O País terá acordado em sobressalto pelo sismo dos vistos gold.
Talvez sem razão para tal espanto, olhada a falta de credibilidade do
Governo e da sua política. Qual donzela ofendida, veio a maioria bradar
sobre uma alegada confusão que entre Justiça e política estaria a ser
imprimida à questão. Talvez agora com a demissão do ministro a conexão
lhes pareça mais óbvia. Mesmo que a saída de Miguel Macedo, o escape
encontrado pelo Governo para proteger outros envolvimentos, não seja
mais do que isso: uma saída para procurar evitar o que emerge como
ilação inevitável deste processo – a exigência de demissão do Governo.

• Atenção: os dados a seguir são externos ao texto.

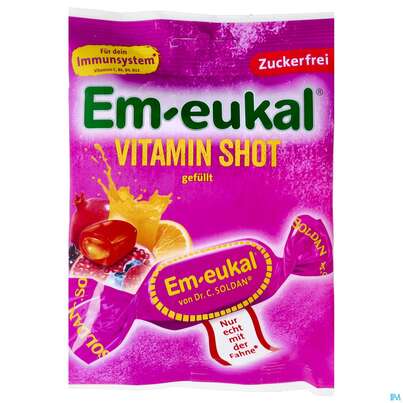 Sie sehen eine Packung Em-eukal Vitamin Shot Zuckerfrei 75g, Produktbild: 01 Em-eukal Vitamin Shot Zuckerfrei 75g, A-Nr.: 5684167 - 01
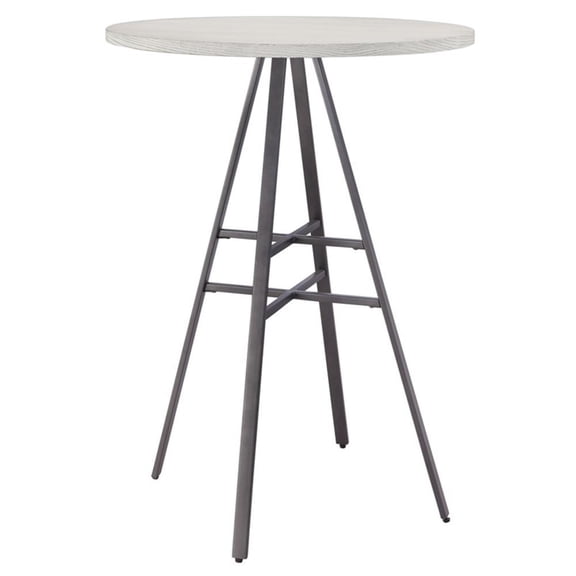 Bowery Hill Transitional Gray Metal High 30" Round Pub Table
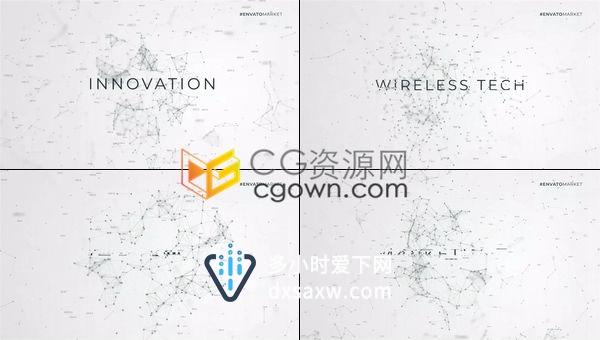 现代计算机安全信息科技互联网数据流主题背景点线粒子Plexus标题片头-AE模板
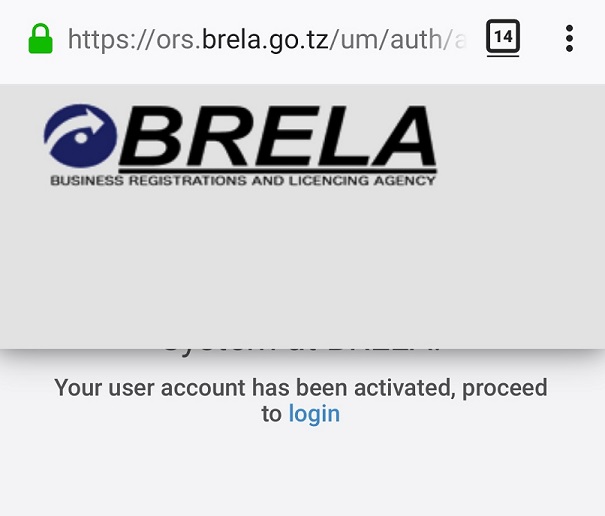 Step 5 - Activate BRELA ORS Account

Bem pode o primeiro-ministro, secundado por Cavaco Silva, vir com ar
indignado alegar que tudo continua na maior das normalidades, sustentada
na inquebrável credibilidade governativa e no indesmentível
funcionamento regular das instituições e dos mais altos cargos públicos.
Fruto do delírio que o invade, teimará até poder em não mudar de sítio
mesmo quando o tecto já lhes caiu em cima.
Os vistos gold,
jóia da coroa e marca de água do Governo, são o que são: um instrumento
que, a pretexto da captação de investimento, transporta um potencial de
favorecimento de actividades ilícitas, branqueamento de capitais e,
como agora foi revelado, de abrigo de foragidos à Justiça internacional.
A muito popular expressão de que a «ocasião faz o ladrão» assenta aqui
como fato à medida. Verbalizada neste contexto, registe-se a prevenção,
como figura de estilo e dimensão política e não como antecipada
sentenciação do que à Justiça diz respeito. Pelo que as indispensáveis e
conhecidas formulações sobre presunção de inocência, indícios e o
insubstituível «alegadamente» se devem considerar implícitas. Esperemos
que aquilo que já se vai conhecendo – conexão de ministros e altas
figuras do PSD com a emissão dos vistos, envolvimentos ao nível da
cúpula de serviços do Estado, instruções políticas para agilizar os
procedimentos –, não venha a submergir pelo lastro dos encobrimentos que
justificaram a emersão dos conhecidos submarinos. Sendo que para a
demissão de um governo, razões outras e de maior peso que não esta,
teriam sido de há muito justificação bastante para a concretizar.